AT Moderation Architecture

@bnewbold.net

The AT network is becoming more heterogeneous in practice, with independent PDS hosts, apps, and alternative bsky AppViews establishing themselves. This means that more complex inter-service moderation scenarios are starting to get attention. While the labeling system was released all the way back in April 2023, there are some parts of the atproto moderation architecture and design philosophy that have never really been written up. There are also parts which Bluesky Social hasn't had occasion to fully exercise or include in our moderation policies, which can lead to confusion.

This blog post gives an overview of how all the various moderation components and mechanisms are expected to fit together. The audience for this post is protocol and application developers who already familiar with the AT network design and terminology.

Design Goals

What were we trying to achieve with the moderation system design? A few top-level principles:

  • Governance: there should not be a single organization or party who has unique control of moderation policy and enforcement across the entire global network.
  • Safety: users should have a safe, harassment-free, well-moderated experience out of the box.
  • Externalities: Bluesky-operated infrastructure should not be a haven for bad actors and abuse on the internet, or in society more broadly.

And some additional goals and requirements:

  • It should be possible for new entrants to participate incrementally in moderation of subsets/slices of the existing network.
  • The protocol should unbundle moderation authority from infrastructure operation, when possible.
  • Folks unhappy with moderation enforcement should have more effective options than lobbying large service providers ("affective voice") or exiting the entire network.
  • There are some forms of harmful content which are forbidden from all Bluesky infrastructure, even if they are not directly impacting our product or users.
  • Adults in the network should be able to control their experience and view some filtered content (e.g. graphic, erotic, spammy, or unsettling) if they chose to do so.

Network Roles

Different parties play different roles:

Infrastructure Providers (PDS, Relay, AppView) have an unavoidable role to play when it comes to the most harmful content, and must abide by the law in their physical jurisdiction. Apart from these base-level responsibilities, it is a goal to unbundle moderation authority from infrastructure ownership, and making network infrastructure commodity and un-opinionated.

Moderation Services (Labelers) are composable, flexible in scope, and heterogeneous in governance and operational model. They might provide high-touch dispute resolution for a specific community; focus on a narrow pattern of harm in a global context; or provide relatively broad and global moderation coverage, as Bluesky does for users of our service.

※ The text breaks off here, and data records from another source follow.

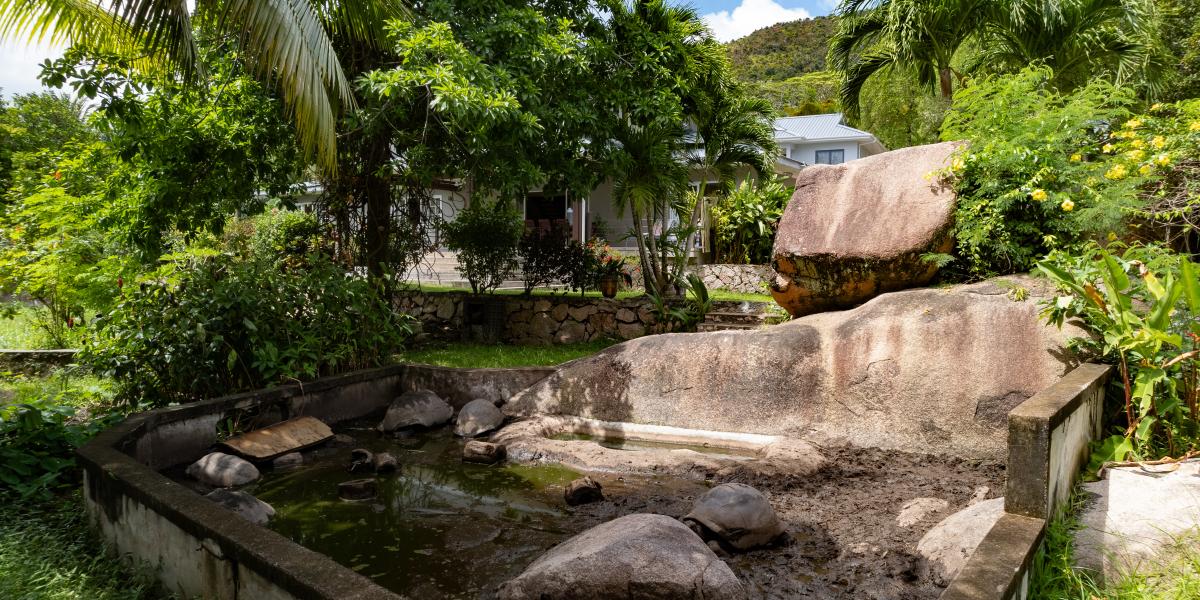 Anse Boudin Chalets & Villa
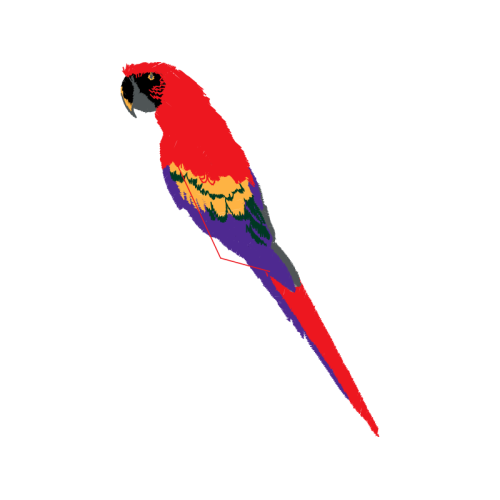 Loriini Animals Loriini Animals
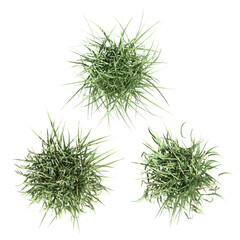 wild field grass, top view, isolated on a transparent background, 3D illustration, cg render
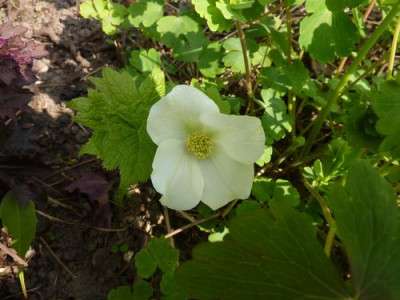 Glaucidium_palmatum_var._leucanthum_fars_2010.jpg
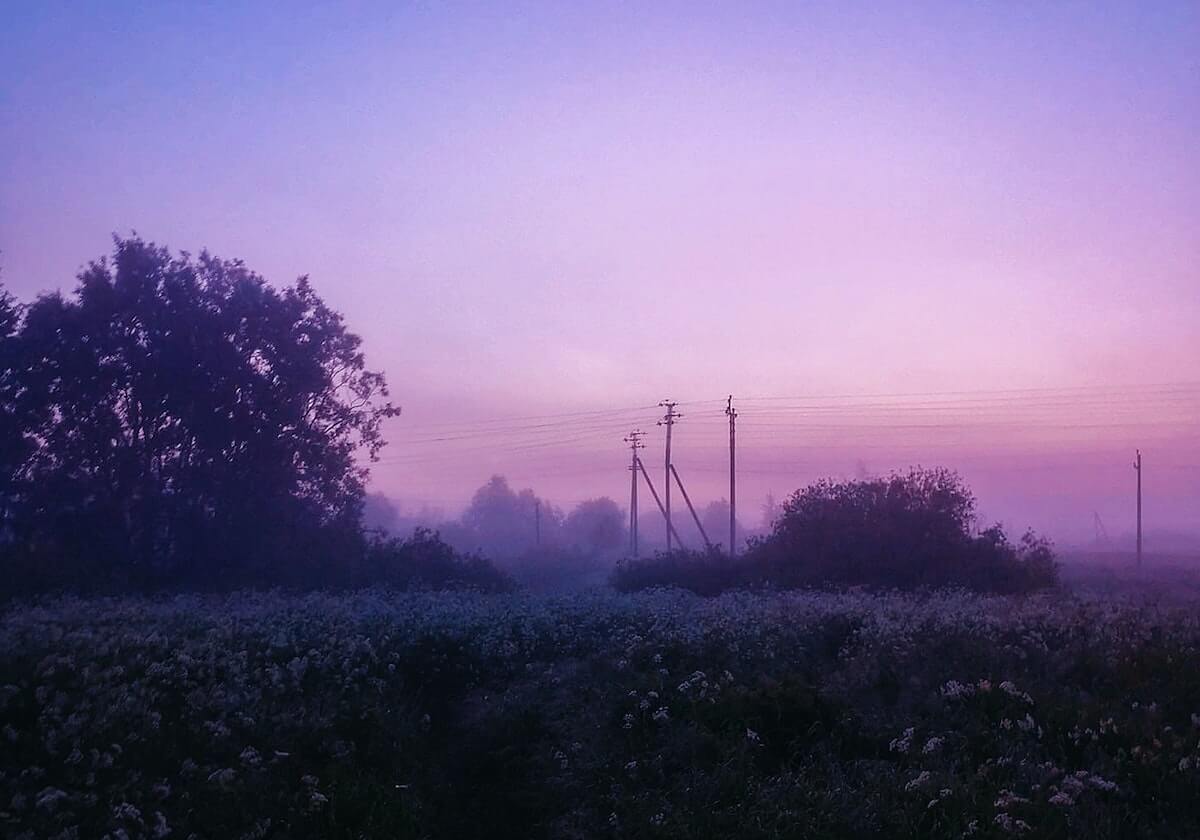 张建超：平芜尽处是春山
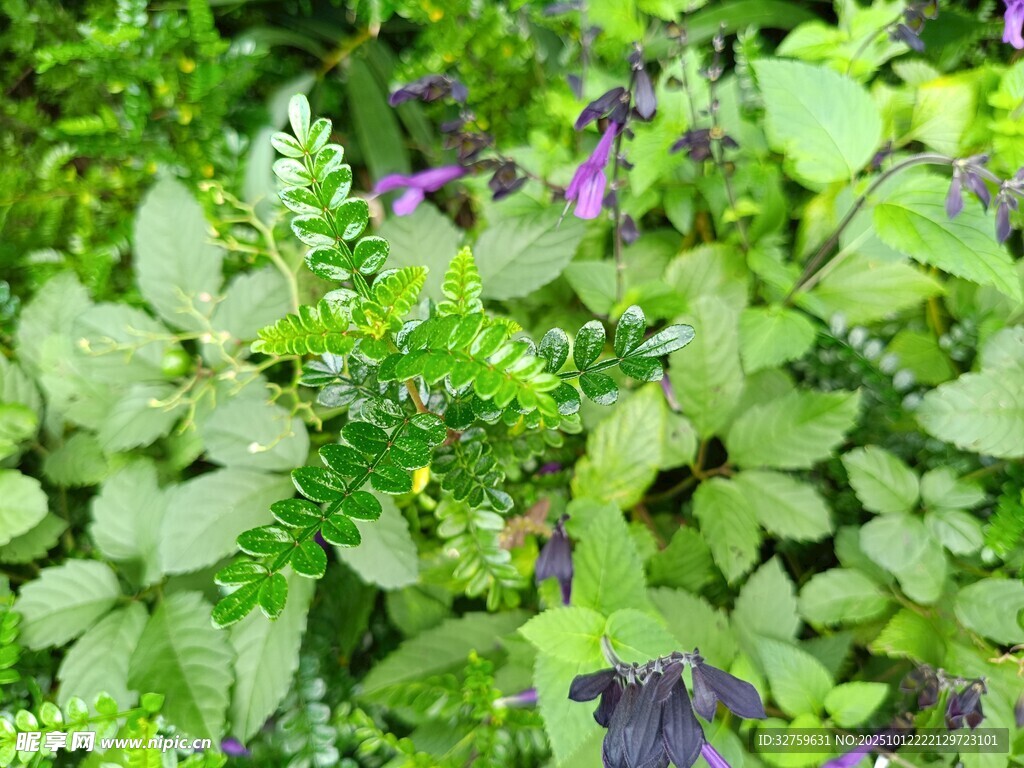 绿叶间的紫色小花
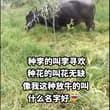 大家说取什么名字，霸气又好听。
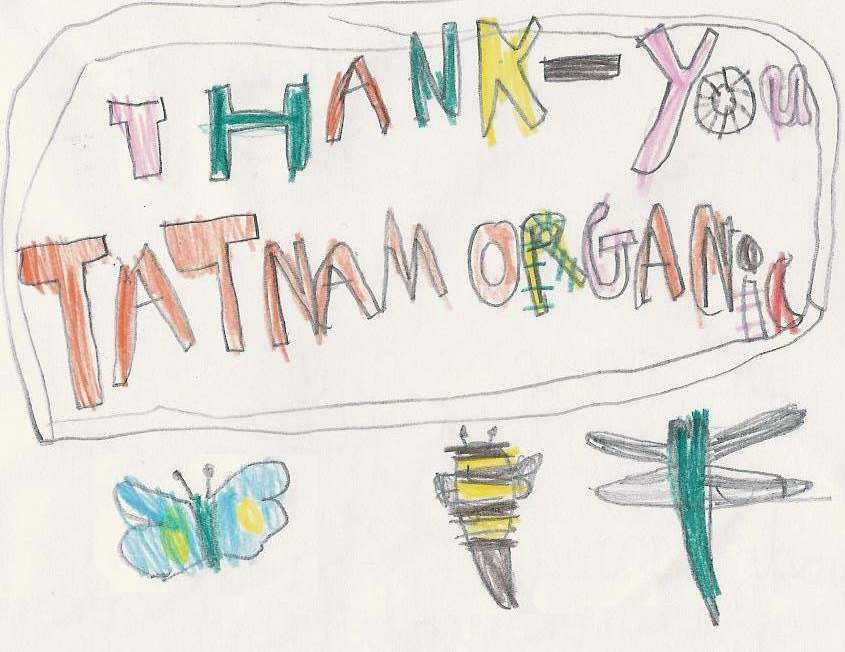 Thank you card from Matt at Hillborne school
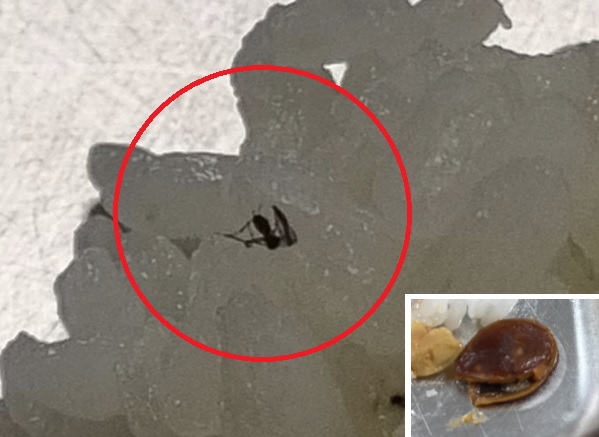 [노컷영상] 대학교 기숙사 식당, 밥에 파리 사체 붙어 있고 짜장 소스엔 감 씨까지
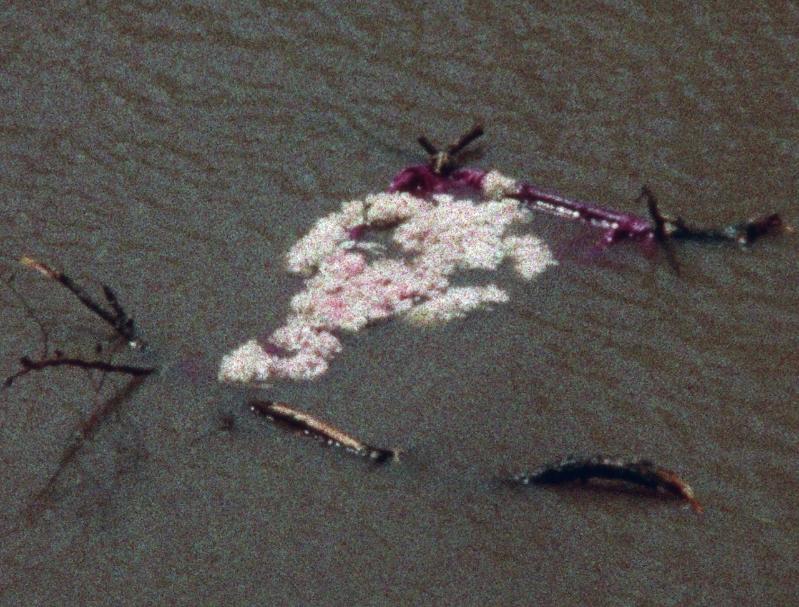 Ana Mendieta - Flower Person, Flower Body | Art City 2026
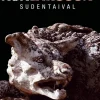 Sudentaival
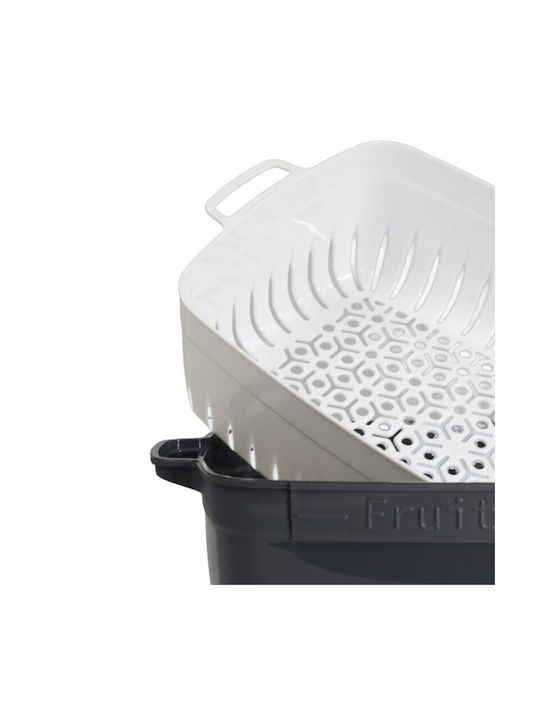 Viosarp Plastic Lunch Box Gray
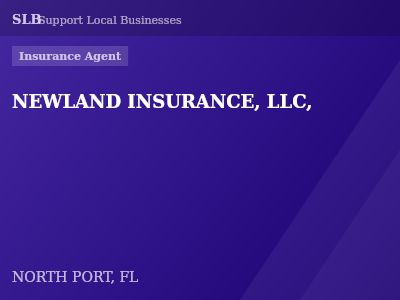 NEWLAND INSURANCE, LLC, — Insurance Agent in NORTH PORT, FL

Branded Client Apps are in a privileged position, with economic leverage (eg, facilitating payments, or displaying advertisements) and control over product features. They have a responsibility to implement baseline moderation features, and an expectation that they contribute to baseline moderation services for the content which is created, viewed, or reported by their users.

Why involve client apps explicitly, and how will that work out?

  • One scenario we want to avoid is the emergence of popular and profitable commercial apps that extract value from the ecosystem but do not contribute proportionately to community safety. Or worse, introduce risky or harmful product features that have a negative impact. In other words, build a Torment Nexus app and expect others to clean up the mess.
  • We expect client apps to be the easiest to commercialize, and the most socially accountable in terms of brand and community loyalty. We expect operating moderation services to be the most difficult to sustain independently, in both human and financial terms. The natural partnership is for branded client apps to support and sustain moderation services.
  • While clients have responsibilities, we also think open source and alternative user agents are good. We don't want to restrict access to moderation decisions to specific client software. Volunteer and non-profit client app developers are not expected to contribute directly to moderation work, though they are expected to make responsible design decisions and set sensible default configurations.

Moderation Interventions

Let's look at each specific service type, and what moderation interventions are available to them.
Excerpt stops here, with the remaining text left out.